Un impertinente que vino a alterar la paz de este mundo ya desde el mismo momento de su nacimiento cuyo anuncio sobresaltó a “Herodes y a toda la ciudad” (Mt 2:3). A partir de entonces todo fue, por parte de los garantes del orden establecido, una retahíla de reacciones desencadenadas.
Un impertinente empeñado en trastocar las cosas y, sobre todo, los corazones. Forzando los límites de lo asumible, anunció la libertad a los cautivos y la vista a los ciegos, puso en libertad a los oprimidos, para proclamar el año de gracia del Señor (Lc 4:19) Y todo ello lo hizo palabra y gesto tan concreto que fue amonestado, rechazado, insultado, perseguido, acusado, torturado y ejecutado. Imposible que Dios estuviera de su parte. Nadie en su sano juicio lo podría creer. Sólo los desesperados y desquiciados le darían crédito con tal de agarrarse a un clavo ardiendo. Pero sí, Dios estaba de su parte: “vosotros lo crucificasteis pero Dios lo resucitó”.

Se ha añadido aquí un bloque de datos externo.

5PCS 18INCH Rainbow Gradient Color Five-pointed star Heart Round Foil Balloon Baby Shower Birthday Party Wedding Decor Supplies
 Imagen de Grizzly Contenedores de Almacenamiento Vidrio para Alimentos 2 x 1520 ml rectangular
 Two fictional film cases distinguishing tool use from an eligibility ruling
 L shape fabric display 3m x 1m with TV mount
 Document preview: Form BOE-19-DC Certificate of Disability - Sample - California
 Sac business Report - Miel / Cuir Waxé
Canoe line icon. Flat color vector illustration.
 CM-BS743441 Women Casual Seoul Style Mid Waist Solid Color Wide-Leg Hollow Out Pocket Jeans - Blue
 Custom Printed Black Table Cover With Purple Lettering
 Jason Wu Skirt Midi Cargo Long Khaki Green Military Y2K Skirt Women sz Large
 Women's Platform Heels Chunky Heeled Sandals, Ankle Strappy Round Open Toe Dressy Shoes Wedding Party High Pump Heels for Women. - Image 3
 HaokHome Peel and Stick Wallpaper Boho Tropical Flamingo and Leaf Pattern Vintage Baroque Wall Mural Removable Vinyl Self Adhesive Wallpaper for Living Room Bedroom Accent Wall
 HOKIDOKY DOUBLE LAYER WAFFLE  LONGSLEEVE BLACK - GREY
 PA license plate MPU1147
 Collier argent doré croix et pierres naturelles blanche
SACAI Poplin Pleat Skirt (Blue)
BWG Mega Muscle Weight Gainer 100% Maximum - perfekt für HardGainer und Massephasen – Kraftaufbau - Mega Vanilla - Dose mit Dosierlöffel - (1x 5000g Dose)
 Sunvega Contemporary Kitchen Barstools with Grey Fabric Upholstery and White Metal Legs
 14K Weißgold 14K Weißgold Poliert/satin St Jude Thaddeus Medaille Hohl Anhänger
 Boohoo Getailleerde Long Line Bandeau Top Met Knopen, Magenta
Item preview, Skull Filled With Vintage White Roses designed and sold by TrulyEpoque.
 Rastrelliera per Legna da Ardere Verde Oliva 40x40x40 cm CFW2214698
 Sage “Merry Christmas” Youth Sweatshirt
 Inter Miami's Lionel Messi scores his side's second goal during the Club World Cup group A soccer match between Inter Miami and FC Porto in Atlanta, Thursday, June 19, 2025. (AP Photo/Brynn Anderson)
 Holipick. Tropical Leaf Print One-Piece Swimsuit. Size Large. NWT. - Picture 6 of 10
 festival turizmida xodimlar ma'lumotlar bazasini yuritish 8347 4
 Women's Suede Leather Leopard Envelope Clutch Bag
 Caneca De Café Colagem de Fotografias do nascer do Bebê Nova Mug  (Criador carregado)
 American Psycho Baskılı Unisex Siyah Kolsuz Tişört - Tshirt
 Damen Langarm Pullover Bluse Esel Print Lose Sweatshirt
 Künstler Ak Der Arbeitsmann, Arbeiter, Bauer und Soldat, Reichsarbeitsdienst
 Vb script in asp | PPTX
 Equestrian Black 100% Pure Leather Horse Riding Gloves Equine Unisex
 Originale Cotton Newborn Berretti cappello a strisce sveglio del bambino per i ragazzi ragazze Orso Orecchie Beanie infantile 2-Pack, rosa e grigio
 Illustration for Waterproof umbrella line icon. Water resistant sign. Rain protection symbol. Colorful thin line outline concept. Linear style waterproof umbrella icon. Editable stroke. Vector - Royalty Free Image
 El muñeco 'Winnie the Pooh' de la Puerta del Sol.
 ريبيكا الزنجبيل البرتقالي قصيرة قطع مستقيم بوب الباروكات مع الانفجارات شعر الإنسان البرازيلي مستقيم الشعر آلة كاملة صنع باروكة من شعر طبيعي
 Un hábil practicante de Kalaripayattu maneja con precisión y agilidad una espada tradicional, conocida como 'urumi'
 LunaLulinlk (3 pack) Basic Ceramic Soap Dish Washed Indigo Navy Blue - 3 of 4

Un impertinente empecinado en hablar de Dios de tal modo que resultó blasfemo, insultante. Logró ofender a la gente de bien al recriminarles su dureza de corazón, su hipocresía, su desfachatez. Pero también logró devolver la alegría a la casa de Israel, esa alegría que el mundo no sabe dar, esa alegría que nada ni nadie robará. Logró devolver la certeza de que, pase lo que pase en nuestra vidas, Dios no nos da con la puerta en las narices.
Y llegó el Espíritu y aquella primera comunidad fue lanzada a la plaza pública, más allá de todo encerramiento sea por miedo, cobardía o comodidad. Y fue el Espíritu quien les puso palabras impertinentes en su boca que, como las de Jesús, incomodaron y molestaron. No sólo sus palabras, su misma vida fue una impertinencia y, por ello, causa de alivio para muchos.
Pentecostés los puso en pie y los movilizó y ese vendaval sigue agitando vidas impertinentes que molestarán a unos y aliviarán a otros. Necesitamos de esa impertinencia evangélica que vaya haciendo realidad el cielo nuevo y la tierra nueva, porque el primer mundo ha pasado.